GIVEN ENTRIES START
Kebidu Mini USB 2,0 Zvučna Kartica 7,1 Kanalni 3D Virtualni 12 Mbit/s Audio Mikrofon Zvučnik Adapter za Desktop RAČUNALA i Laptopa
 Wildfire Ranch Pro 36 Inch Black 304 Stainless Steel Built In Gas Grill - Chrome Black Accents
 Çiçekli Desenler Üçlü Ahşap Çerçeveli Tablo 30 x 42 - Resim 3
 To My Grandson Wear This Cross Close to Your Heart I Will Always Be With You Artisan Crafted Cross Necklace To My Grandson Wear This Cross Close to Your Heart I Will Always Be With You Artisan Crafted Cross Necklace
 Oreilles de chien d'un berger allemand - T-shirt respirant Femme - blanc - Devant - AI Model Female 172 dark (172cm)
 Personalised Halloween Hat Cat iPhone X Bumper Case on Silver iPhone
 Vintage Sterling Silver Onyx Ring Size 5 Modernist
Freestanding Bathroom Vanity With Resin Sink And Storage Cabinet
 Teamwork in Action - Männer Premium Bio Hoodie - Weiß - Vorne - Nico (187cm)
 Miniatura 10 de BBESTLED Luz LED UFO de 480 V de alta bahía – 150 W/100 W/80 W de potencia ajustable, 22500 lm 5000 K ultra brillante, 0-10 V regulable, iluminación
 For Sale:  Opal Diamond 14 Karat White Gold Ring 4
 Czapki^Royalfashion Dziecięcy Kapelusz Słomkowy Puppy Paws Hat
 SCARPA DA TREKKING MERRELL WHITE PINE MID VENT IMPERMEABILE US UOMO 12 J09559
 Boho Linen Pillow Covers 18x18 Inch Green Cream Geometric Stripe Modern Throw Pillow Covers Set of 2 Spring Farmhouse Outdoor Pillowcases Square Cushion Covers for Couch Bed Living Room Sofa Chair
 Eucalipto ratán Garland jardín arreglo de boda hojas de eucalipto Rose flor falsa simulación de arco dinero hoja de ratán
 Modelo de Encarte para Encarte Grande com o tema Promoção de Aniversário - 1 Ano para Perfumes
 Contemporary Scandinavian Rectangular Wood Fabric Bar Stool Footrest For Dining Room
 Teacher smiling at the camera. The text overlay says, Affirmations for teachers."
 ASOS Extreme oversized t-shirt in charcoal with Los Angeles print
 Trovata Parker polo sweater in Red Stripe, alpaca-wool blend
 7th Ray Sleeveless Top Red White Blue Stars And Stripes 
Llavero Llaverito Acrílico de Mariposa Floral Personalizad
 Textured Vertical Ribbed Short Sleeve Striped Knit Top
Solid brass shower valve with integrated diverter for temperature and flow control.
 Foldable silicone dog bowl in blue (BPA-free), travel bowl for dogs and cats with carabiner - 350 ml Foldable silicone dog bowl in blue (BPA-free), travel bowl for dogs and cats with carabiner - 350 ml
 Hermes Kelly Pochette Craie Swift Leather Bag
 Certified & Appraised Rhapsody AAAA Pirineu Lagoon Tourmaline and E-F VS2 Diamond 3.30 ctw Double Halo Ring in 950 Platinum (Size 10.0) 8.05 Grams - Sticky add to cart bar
GIVEN ENTRIES END
Print the first line of the records above and each line after it, exactly, through the line with "Wildfire Ranch Pro".

Kebidu Mini USB 2,0 Zvučna Kartica 7,1 Kanalni 3D Virtualni 12 Mbit/s Audio Mikrofon Zvučnik Adapter za Desktop RAČUNALA i Laptopa
 Wildfire Ranch Pro 36 Inch Black 304 Stainless Steel Built In Gas Grill - Chrome Black Accents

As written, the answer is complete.